RECORDS —
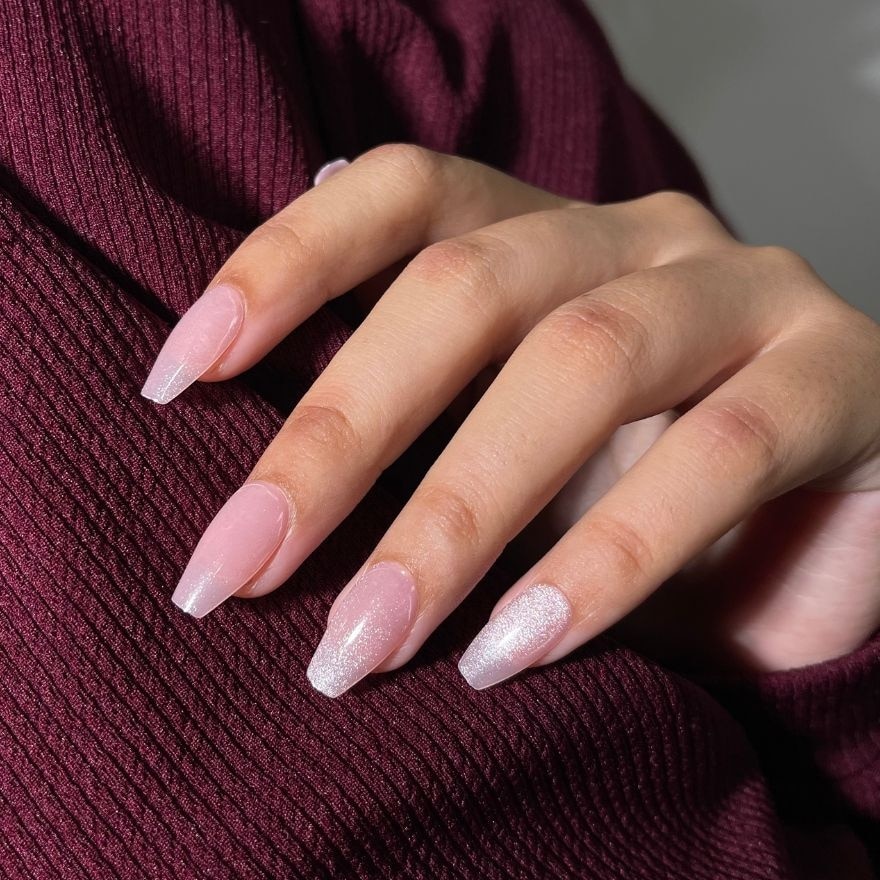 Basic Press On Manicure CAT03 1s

--

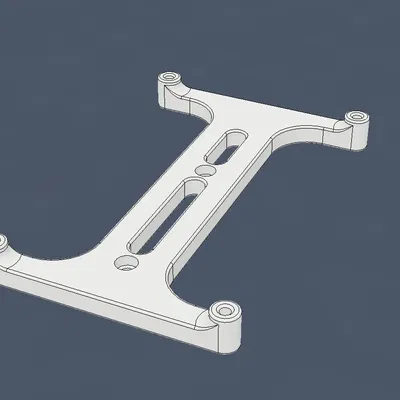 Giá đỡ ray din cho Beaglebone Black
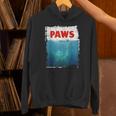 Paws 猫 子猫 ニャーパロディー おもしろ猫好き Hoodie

WHAT YOU WILL DO — For this exercise, transcribe exactly the part of the records above that opens with the line containing "Giá đỡ ray din cho Beaglebone Black" and closes with the one containing "Paws 猫 子猫 ニャーパロディー おもしろ猫好き Hoodie". Pictures are not part of the copy.

TASK RESULT —
 Giá đỡ ray din cho Beaglebone Black
 Paws 猫 子猫 ニャーパロディー おもしろ猫好き Hoodie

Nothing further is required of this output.